Dauparas, J., Anishchenko, I., Bennett, N., Bai, H., Ragotte, R. J., Milles, L. F., et al. (2022). Robust deep learning–based protein sequence design using ProteinMPNN. Science, 378(6615), 49-56. doi:10.1126/science.add2187.


Cite as: https://hdl.handle.net/21.11116/0000-000F-840D-E
Abstract
Although deep learning has revolutionized protein structure prediction, almost all experimentally characterized de novo protein designs have been generated using physically based approaches such as Rosetta. Here, we describe a deep learning–based protein sequence design method, ProteinMPNN, that has outstanding performance in both in silico and experimental tests.
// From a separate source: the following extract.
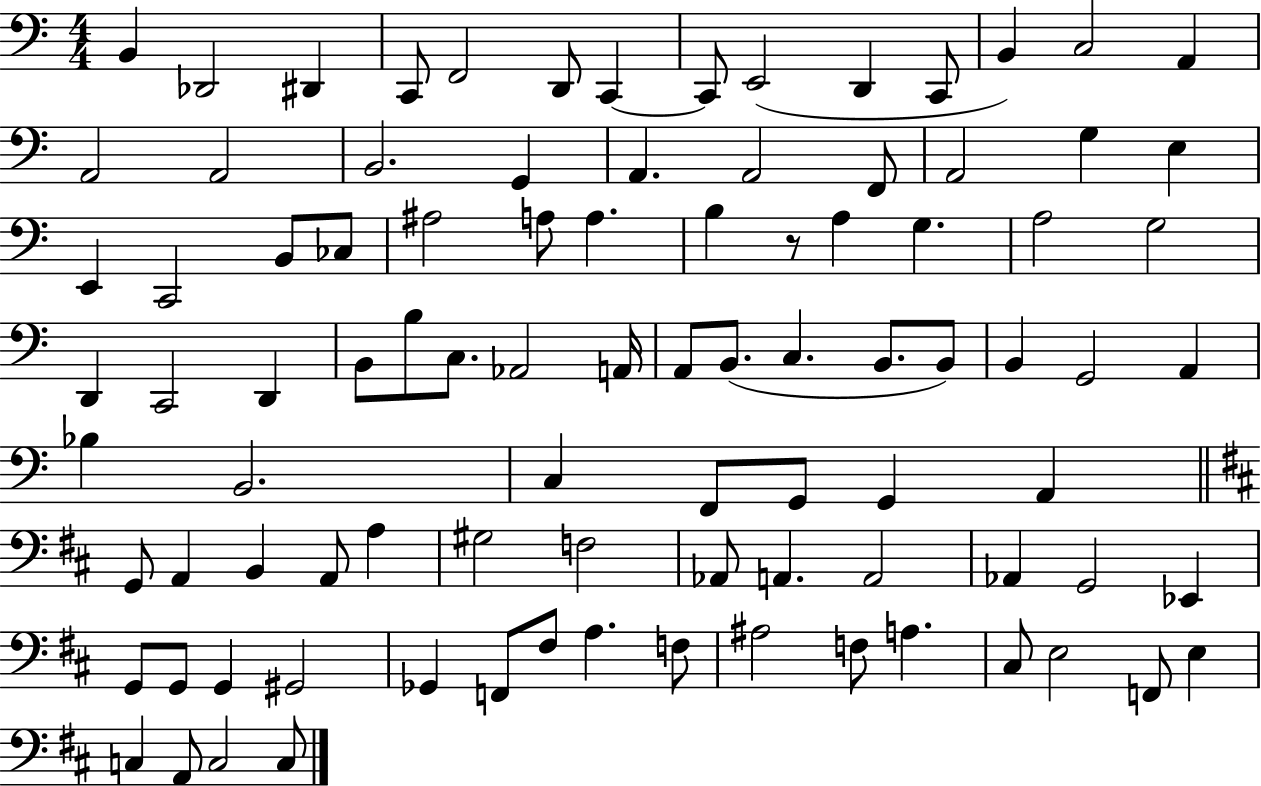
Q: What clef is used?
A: bass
On native protein backbones, ProteinMPNN has a sequence recovery of 52.4% compared with 32.9% for Rosetta. The amino acid sequence at different positions can be coupled between single or multiple chains, enabling application to a wide range of current protein design challenges. We demonstrate the broad utility and high accuracy of ProteinMPNN using x-ray crystallography, cryo–electron microscopy, and functional studies by rescuing previously failed designs, which were made using Rosetta or AlphaFold, of protein monomers, cyclic homo-oligomers, tetrahedral nanoparticles, and target-binding proteins.